In the limit of updating on theorems, all “constraints” on sets of sentences that are computable in [insert time bound here] time that apply to reality should be learned by this prior.
I’m pretty dang sure you don’t need the full strength of propositional consistency to get a coherent distribution in the limit of updating on evidence. Every propositionally inconsistent world has a disproof of the form \(a\wedge b\wedge c…\to\neg\phi\) when \(\phi\) is true, so a sufficient (though maybe not minimal) constraint that imposes a coherent distribution would be “the string cannot contain \(a\wedge b\wedge c…\to\neg\phi\), and \(a\), and \(b\)… and \(\phi\) and if it does, reject it” because that should take out every propositionally inconsistent world in the limit.
Note that the above permits logical uncertainty over very complicated Booleans that would take a long time to evaluate, like hard 3SAT instances. Full propositional consistency renders logical uncertainty over those sorts of things impossible, while it very plainly exists in reality.
NEXT STEPS:
Find a hole in this thing if one is present.
How can this sort of framework be made to interact sensibly with sequence prediction?

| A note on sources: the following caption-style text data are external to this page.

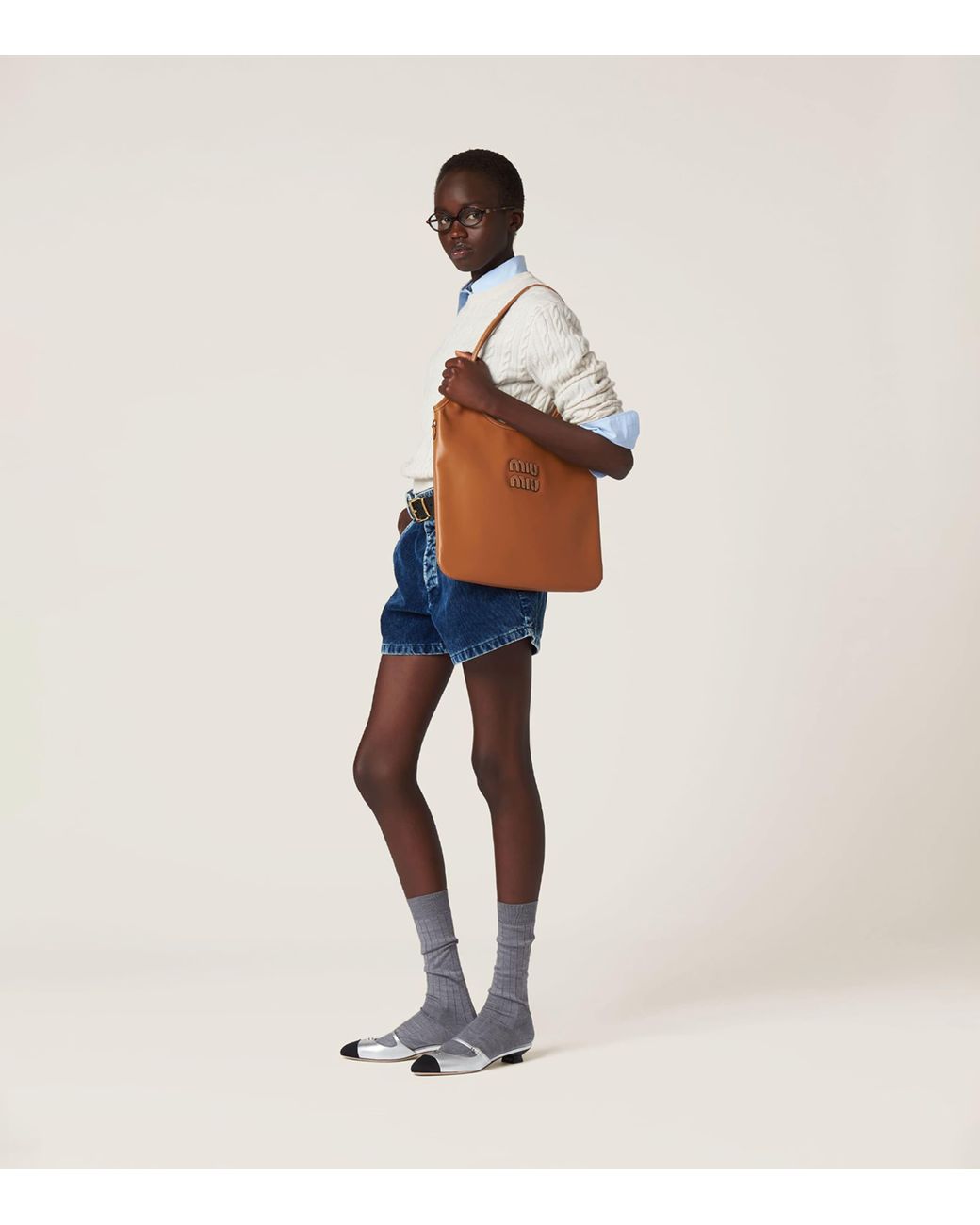 Miu Miu Brown Leather Ivy Tote Bag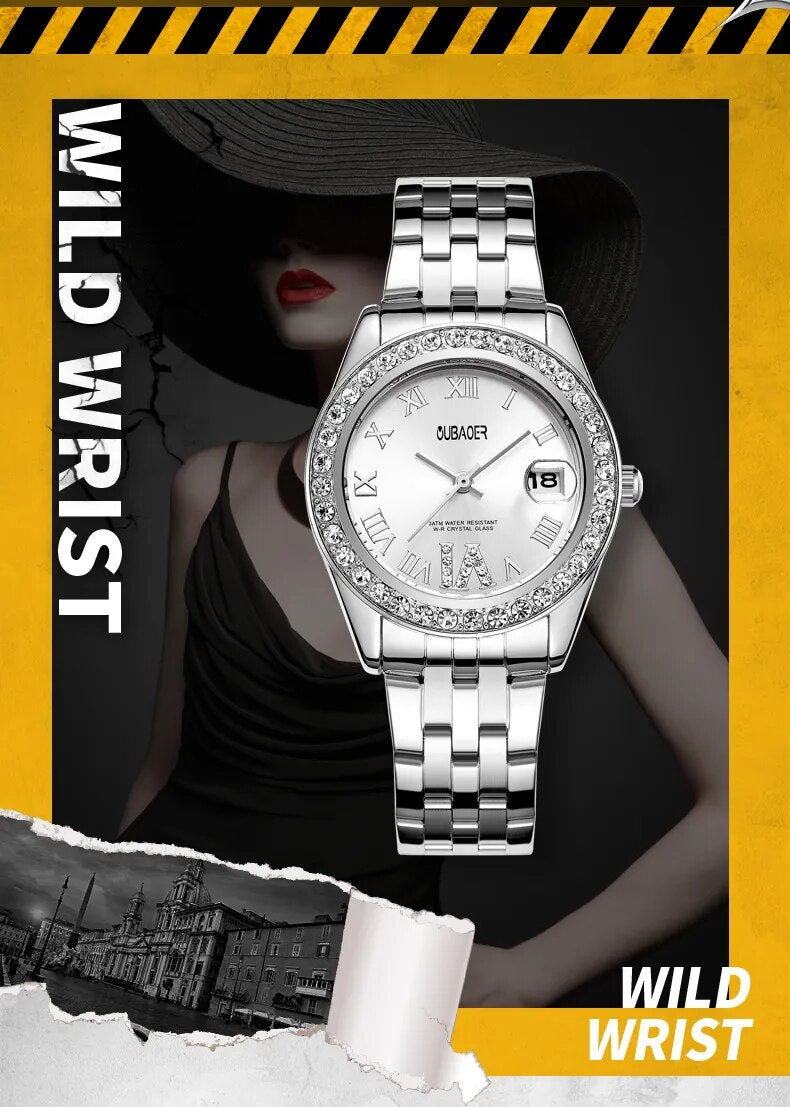 Stainless Steel Sapphire Watch for Women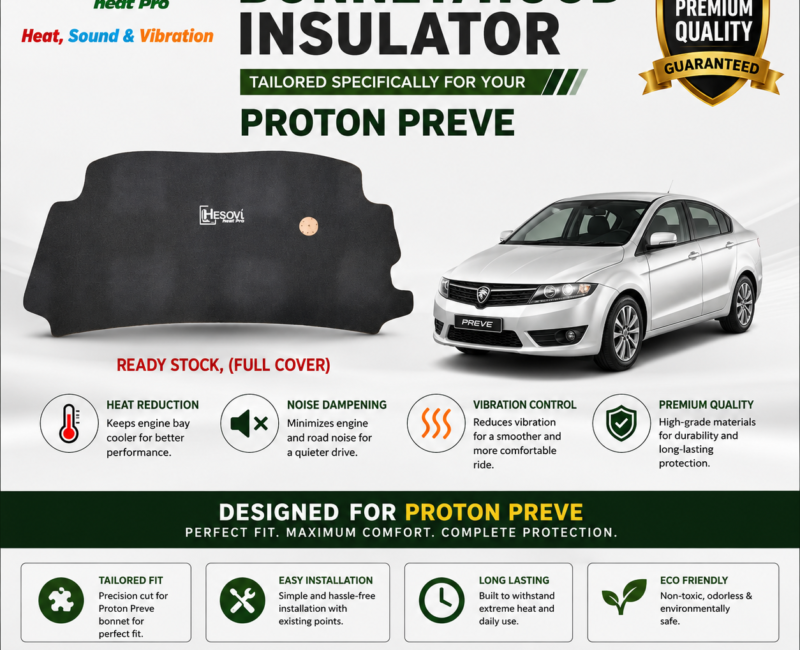Hesovi Heatpro Car Bonnet/Hood Insulator for PROTON PREVE Model (Full Cover)
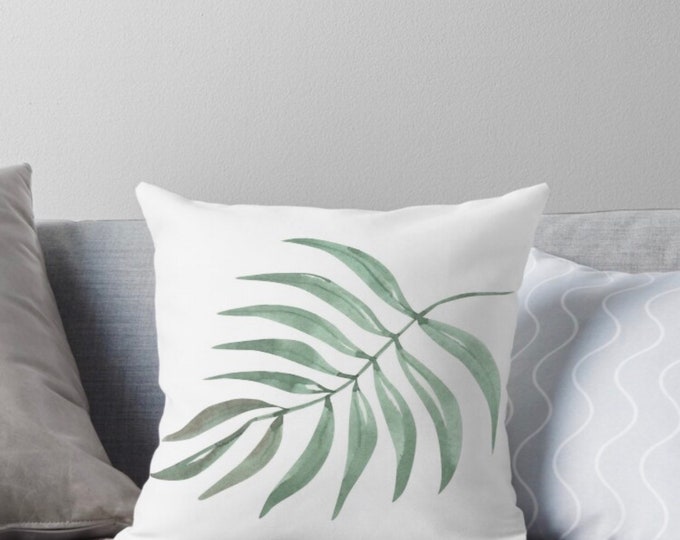 Throw Pillow, Relaxing, Palm Leaf, White Pillow, Tropical Calm, Tropical Throw Pillow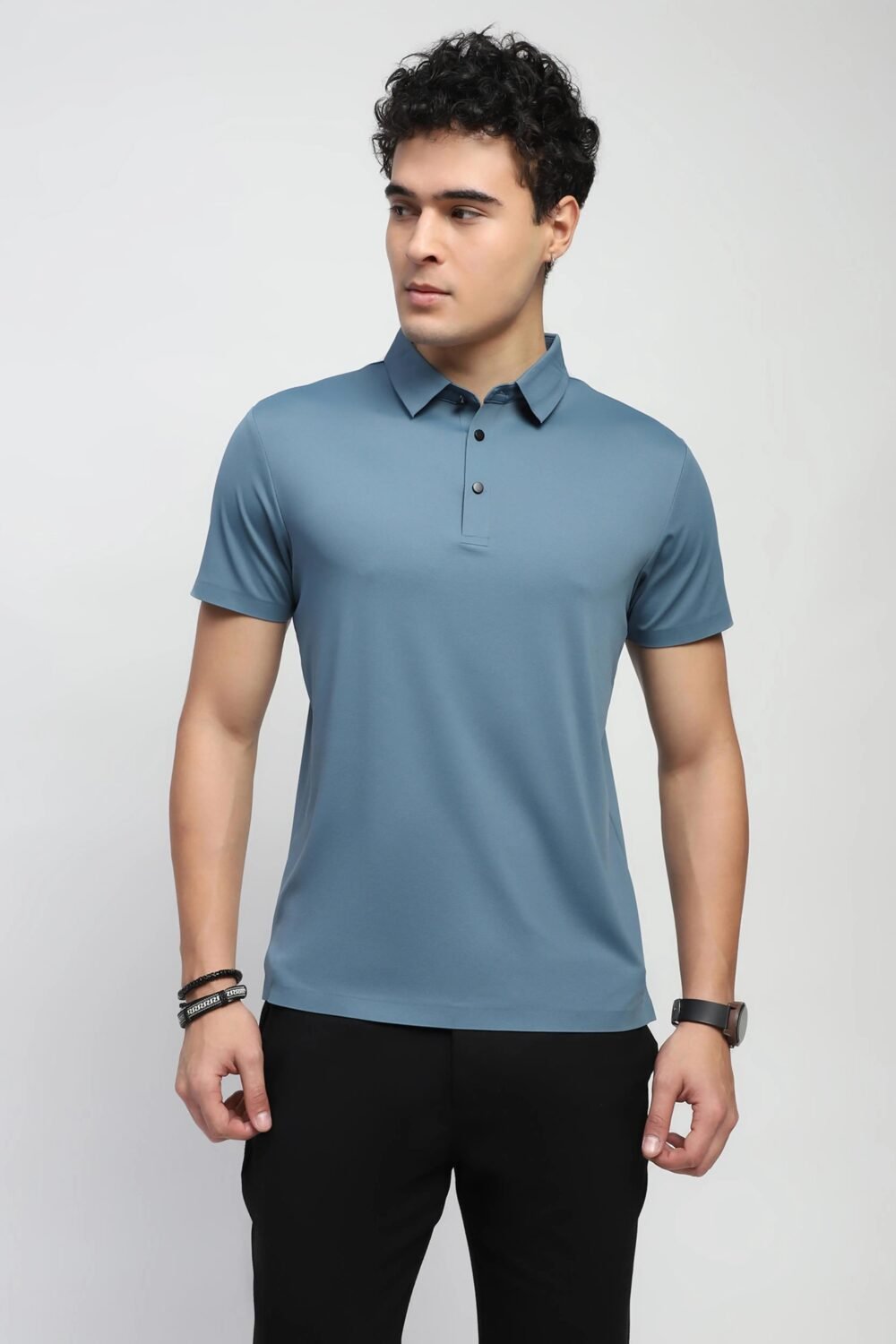 Blue Nylon Blend Solid T-Shirt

Does it already interact sensibly with sequence prediction, or do important modifications need to be made?
Actually, in general, sequence prediction and “what is true?” prediction seem quite hard to marry in this framework, because a nearguarantee that you’ll hit either \(\phi\) or \(\neg\phi\) after a known amount of time doesn’t interact well with “I believe that neither \(\phi\) or \(\neg\phi\) will show up in my observed list of theorems, unless an astronomical amount of time has gone by”. Some sort of resolution must be found.
What should it be named if it does turn out to be important? I was considering the “EisenstatAppel Prior”, or EA Prior for short, but apparently it’s bad taste to name things after yourself and someone probably has a better idea.